Your Logo Says a Lot About Your Business
Author: Bud Bilanich [bbilanich.typepad.com/blog/]
Karen Saunders is a graphic artist who lives here in Denver. She has published a great e book called Turn Eye Appeal Into Buy Appeal.
This e-book is an easy-to-use guide for small business owners who want to design their own marketing pieces. It is well laid out and full of helpful checklists. It will help you learn and use designers tricks of the trade on your own computer.
Small business owners will fiind it helpful for things like:
- Understanding the visual elements of branding.
- Enhancing their ability to write persuasive copy.

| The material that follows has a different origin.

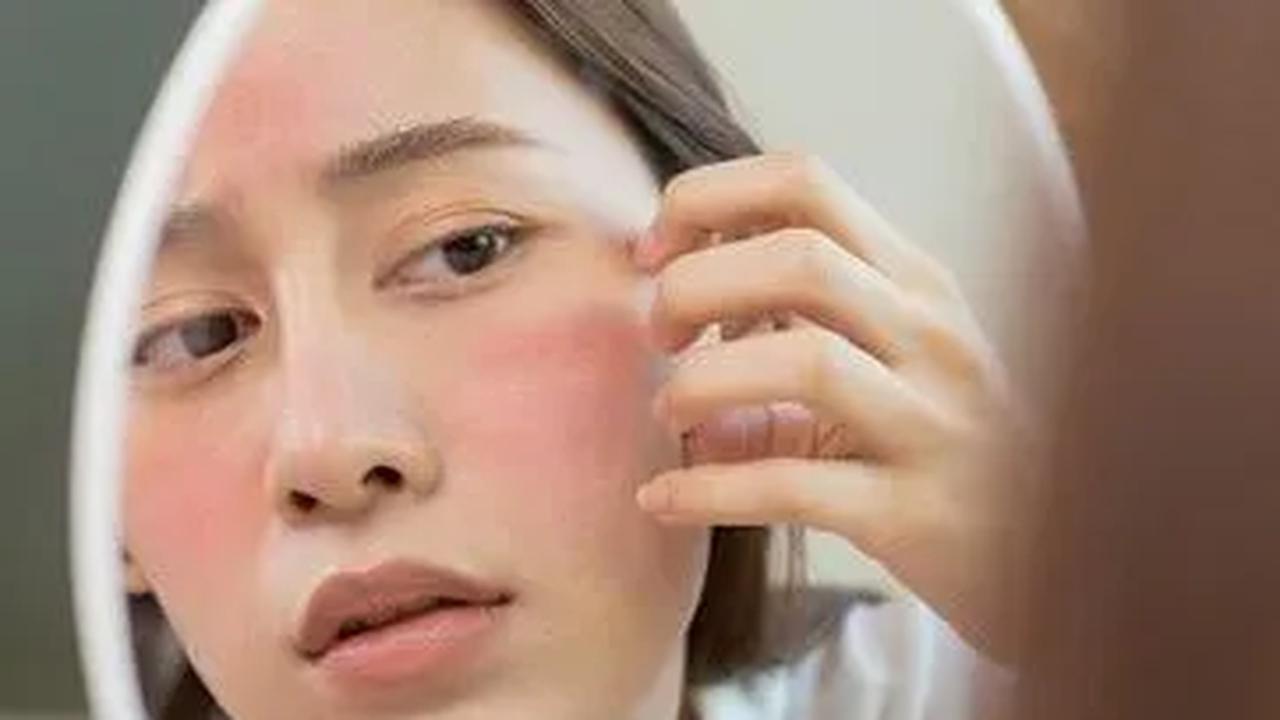 Cara Mengatasi Muka Gatal-Gatal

- Using fonts, whilte space and other design elements effectively.
- Understanding color systems, file formats and scanning resolutions.

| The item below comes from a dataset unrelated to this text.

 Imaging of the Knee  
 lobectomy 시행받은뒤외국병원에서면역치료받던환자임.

- Learning how to get files ready to print.
Karen has written an interesting piece on creating a great logo. She has given me permission to reprint it here...
Designing a Great Logo
Karen Saunders
You have given a great deal of attention to your company name and believe it speaks to who you are and what you do.
Great! Now you need to wrap a graphic image around that name to carve out a prime piece of real estate in your target customer's mind. That is exactly what a great logo can do.
Keep in mind that a powerful logo:
- has a strong, balanced image with no little extras that clutter its look;
- is distinctive and bold in design, making it easy to see at a glance;
- has graphic imagery that looks appropriate for your business;
- works well with your company name;
- is done in an easy to read font;
- communicates your business clearly; and
- looks good in black and white, as well as in color.
Hallmark's memorable crown logo is one of the reasons that Hallmark comes to mind so quickly when you need to buy a greeting card. It is simple, bold, looks good in either color or black and white, and bespeaks the quality required for something to be stamped with a hallmark, so it works well with the company name. While the image might not have communicated the nature of the business when it was first created, it certainly does now!
A distinctive tag line is key.
A tag line is a 3 to 7 word phrase that accompanies your logo. It expresses your company's most important benefits and/or what you want your customers to remember about working with you. Think of it as the words you want to linger in your target customer's mind about you and what you have to offer.
Great tag lines appear to be effortlessly created because they just seem to flow. In fact, creating and refining one takes time, just like designing a great logo. The benefits of taking the time to craft a great tag line lie with the tag line's stickiness. Great tag lines stick in your memory.
The Hallmark tag line, "When you care enough to send the very best," appeals to the human desire to be viewed as having good taste and an appreciation for luxury. If greeting cards are a commodity, then Hallmark has found a way to differentiate itself as the choice for quality.
The Hallmark company was founded by J. C. Hall, so the name Hallmark was a natural. It was also brilliant from a marketing standpoint. Hallmarks have been used for centuries as a stamp to denote quality, purity, and genuineness. Could there be a better way to attach the image of quality to a product? The tag line capitalizes on that image well with words that stick in the mind and exemplify good taste.
Creating a great logo and distinctive tag line are critical in creating a brand that provides the perfect image for your company and great ones just might be memorable enough to give your company the beach front property in the minds of your customers that leaves them thinking only of you.